Já vim aqui muitas vezes e, inclusive no final dos anos 70
do século passado vivi na cidade por um ano e sempre me atraiu a majestade das
montanhas cuja rude beleza ilumina a memória que tenho deste lugar.
Porém ontem, pela primeira vez notei o poderoso silêncio que
emana da cordilheira, tão forte que sobrepuja o bulício da cidade.
Caminhava na rua atento aos sons do lugar, aos cantares
distintos dos diversos pássaros, os diferentes ruídos dos muito diversificados
veículos, pessoas conversando, alarmes, sirenes de histéricas ambulâncias,
passos humanos... Talvez porque imerso na observação sonora, quando meus olhos
mais uma vez tocaram as alturas das montanhas percebi seu silêncio. E, desde
então não me canso de escutá-lo.
E sei que só agora percebo tal silêncio e em tal intensidade
apenas porque finalmente tornei-me capaz dessa ausculta. Não porque só agora
acontece – aí esteve o imperioso vazio todo este tempo à espera da competência
auditiva.
Hoje na feira de rua, na calle
Arrieta a polifonia cacofônica das
feiras de todos os lugares estava condignamente reproduzida. Cada vendedor
alertava os fregueses da beleza de suas frutillas,
moras, arandanos, plátanos, paltas, cebollas (enormes), sapallos
(gigantescas a tal ponto que são cortadas com serrotes – são as abóboras) etc.

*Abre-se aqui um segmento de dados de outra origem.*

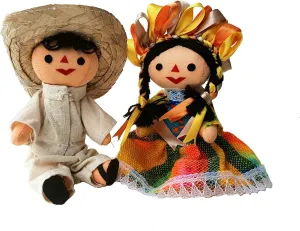 ALKIMIA INC Mexican Handmade Traditional Rag Couple Dolls - 5 inches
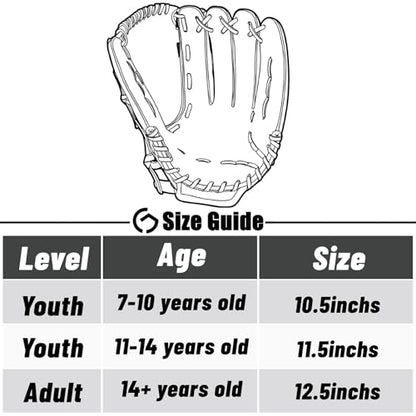 Baseball Glove,Baseball Softball Mitt with Ball for Kids Youth Adults Training and Beginner,Right Hand Throw,Left Hand Glove - color: Black Blue, size: 10.5"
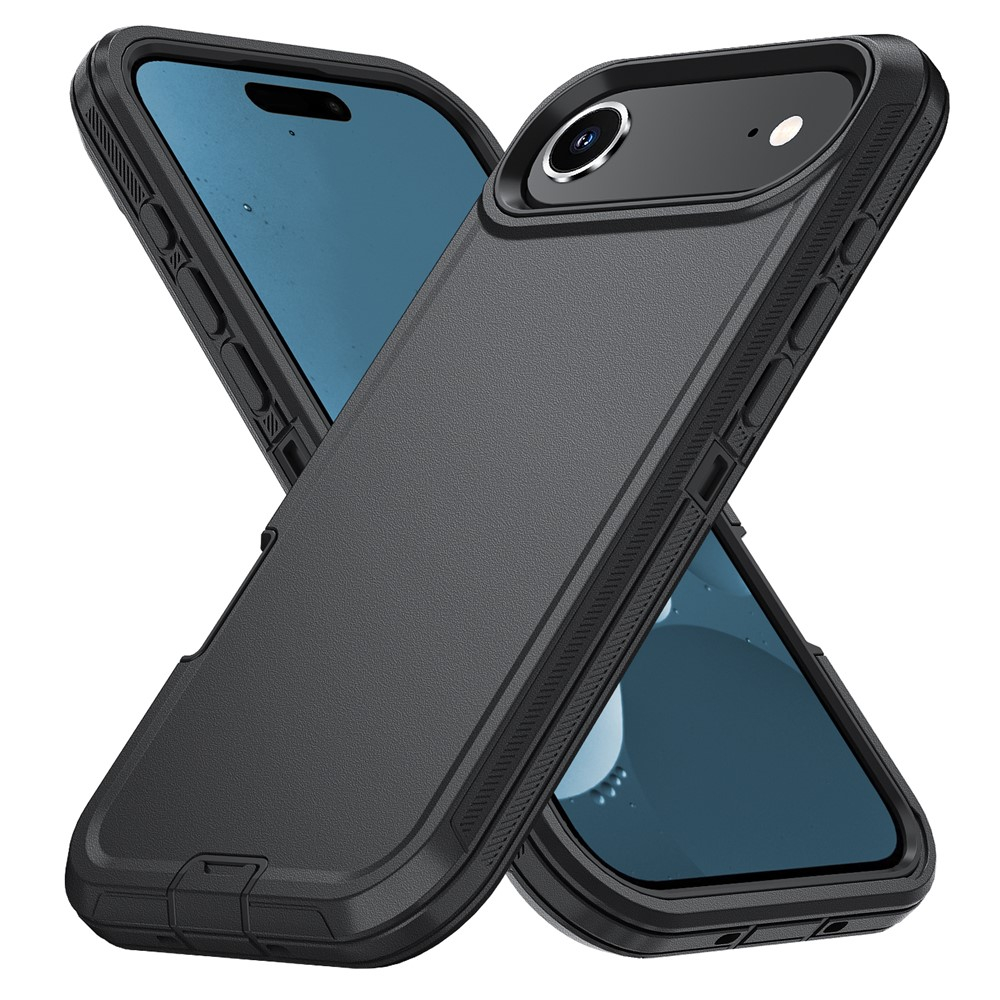 iPhone Air Outdoor Hybrid Schutz Hülle Defender   Gürtel Clip Holster - Schwarz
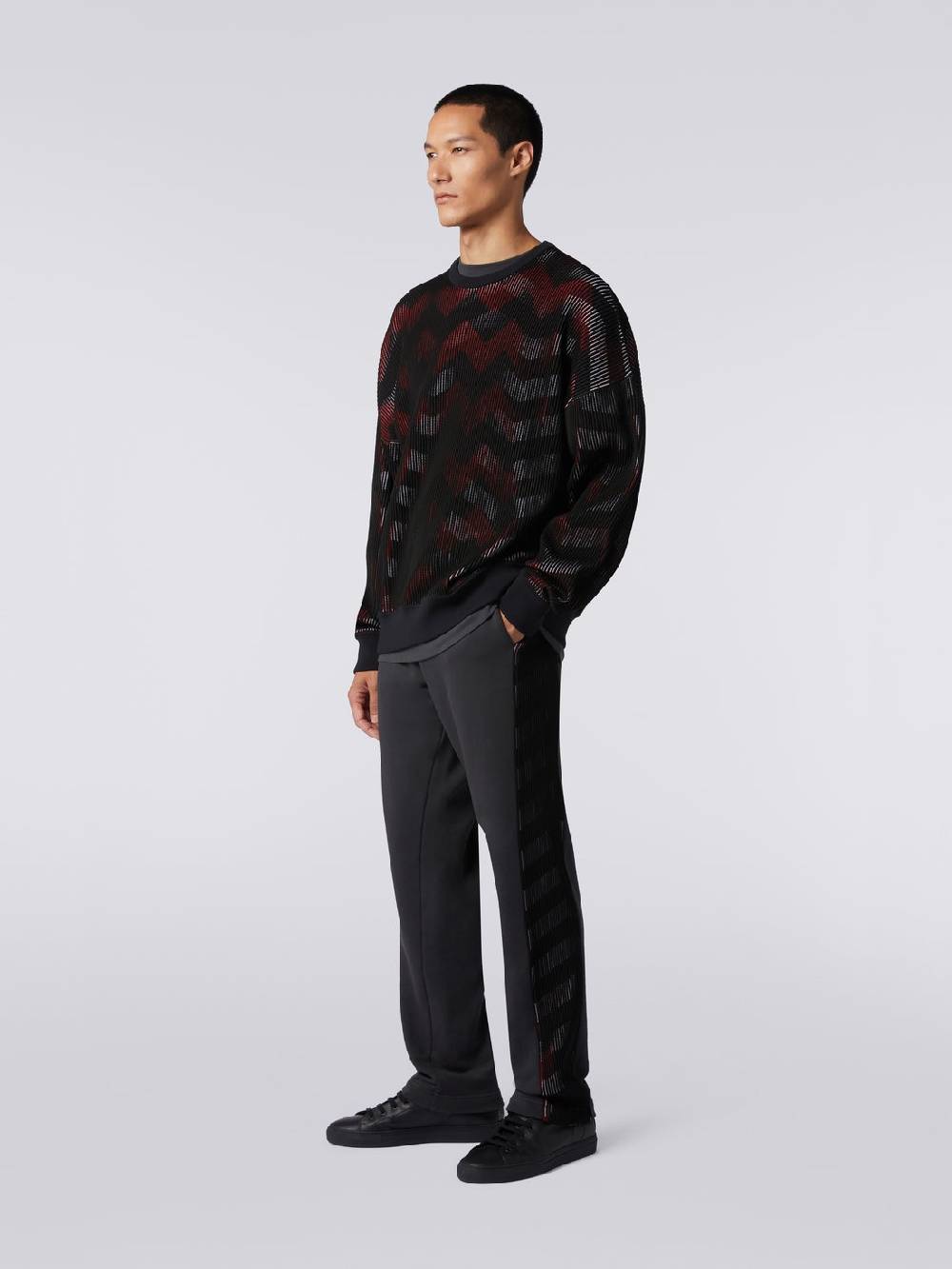 M Missoni Maglione girocollo in misto cotone chevron in collaborazione con Mike Maignan In Linea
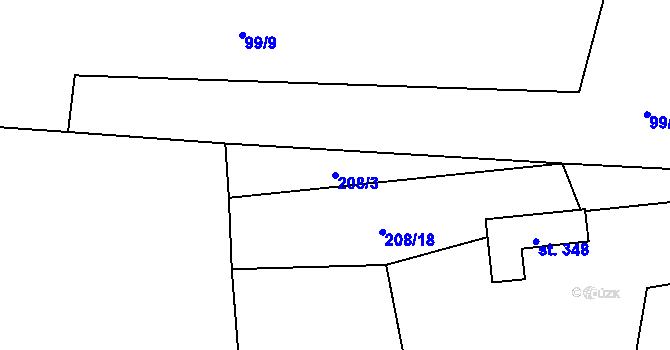 Parcela st. 208/3 v KÚ Solanec pod Soláněm, Katastrální mapa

Alguns gritavam esganiçadamente, com um tom de voz choroso que semelha cantos
flamencos em vitrola antiga mais lenta que o normal, outros mais discretos,
porém repetindo o mesmo mote centenas de vezes na esperança – penso – de que o
público compre apenas para que parem a lancantina, outros com voz rouca anunciando
a novidade de todas as feiras, de todos os dias e estações como se realmente
fossem novidades...
Mas acima de tudo, pairando como um condor arquetípico, o
silêncio dos picos inatingíveis sustentando vozes, cantos, choros, vida,
latidos, enfim, as batidas do coração desta singular cidade.